Tufo giallo napoletano
Grazie all’analisi dei campioni risalenti a diversi periodi geologici i ricercatori hanno potuto evidenziare la ciclicità del supervulcano dei Campi Flegrei. Dopo lo stadio che provoca una massiccia esplosione che porta al collasso del suolo formando una caldera, il supervulcano entra in una fasi più tranquilla e caratterizzata da piccole e frequenti eruzioni tipicamente effusive, causate dalle piccole tasche di magma residue nella crosta dopo l’esplosione principale.
Il vulcanologo Gianfilippo De Astis ha spiegato all’agenzia ANSA:
Successivamente l’alimentazione delle eruzioni si dirada e può avvenire solo attraverso tasche di magma o attraverso l’arrivo di nuove piccole quantità di magma. In ogni caso la tendenza è verso piccole eruzioni come quella del Monte Nuovo. Per dare luogo a una grande eruzione è necessario che il serbatoio di magma si ricarichi e cresca.

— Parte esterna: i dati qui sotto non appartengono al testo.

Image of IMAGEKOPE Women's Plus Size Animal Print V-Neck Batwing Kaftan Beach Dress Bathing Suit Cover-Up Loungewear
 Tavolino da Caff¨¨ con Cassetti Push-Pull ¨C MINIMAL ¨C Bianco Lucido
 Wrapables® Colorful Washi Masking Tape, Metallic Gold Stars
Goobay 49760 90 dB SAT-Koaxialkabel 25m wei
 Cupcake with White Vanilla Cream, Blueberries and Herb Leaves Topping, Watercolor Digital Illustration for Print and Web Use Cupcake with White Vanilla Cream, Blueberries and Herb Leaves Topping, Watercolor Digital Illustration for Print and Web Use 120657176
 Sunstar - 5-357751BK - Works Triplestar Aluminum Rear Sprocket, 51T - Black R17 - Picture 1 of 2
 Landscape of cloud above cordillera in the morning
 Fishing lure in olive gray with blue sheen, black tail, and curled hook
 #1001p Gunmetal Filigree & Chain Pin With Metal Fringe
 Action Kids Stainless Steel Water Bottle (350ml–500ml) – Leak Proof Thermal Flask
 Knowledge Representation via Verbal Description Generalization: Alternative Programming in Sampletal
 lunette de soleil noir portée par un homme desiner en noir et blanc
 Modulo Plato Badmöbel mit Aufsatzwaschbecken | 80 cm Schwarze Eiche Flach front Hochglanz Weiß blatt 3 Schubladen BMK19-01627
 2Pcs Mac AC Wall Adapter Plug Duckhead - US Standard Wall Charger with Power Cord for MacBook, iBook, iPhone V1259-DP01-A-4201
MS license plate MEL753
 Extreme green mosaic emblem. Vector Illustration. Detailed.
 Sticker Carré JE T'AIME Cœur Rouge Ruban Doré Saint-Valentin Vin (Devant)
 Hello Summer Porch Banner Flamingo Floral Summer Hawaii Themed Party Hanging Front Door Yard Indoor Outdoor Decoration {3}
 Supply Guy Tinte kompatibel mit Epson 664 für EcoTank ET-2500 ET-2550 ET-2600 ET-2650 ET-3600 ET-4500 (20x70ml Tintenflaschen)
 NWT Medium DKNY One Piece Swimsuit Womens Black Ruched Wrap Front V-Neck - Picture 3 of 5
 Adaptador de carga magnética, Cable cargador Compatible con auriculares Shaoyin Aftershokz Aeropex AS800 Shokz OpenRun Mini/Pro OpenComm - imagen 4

Secondo lo studio, i Campi Flegrei sarebbero nella fase di lenta e progressiva ricarica del serbatoio perché il magma dell’eruzione del Monte Nuovo ha caratteristiche simili, ad esempio nella composizione e nel rapporto tra vetro e cristalli, a quelle delle fasi iniziali delle eruzioni che hanno preceduto le due catastrofiche del passato.”
Come abbiamo già detto il tipo di magma è di fondamentale importanza per caratterizzare il tipo di eruzione. Gli studiosi quindi rimangono in allerta, anche se avranno davanti a loro probabilmente migliaia di anni prima di poter osservare un’esplosione di un supervulcano. Noi della sezione scienze di tuttoteK ci saremo? Speriamo di sì, anche se potrebbe essere l’ultima cosa che vi racconteremo.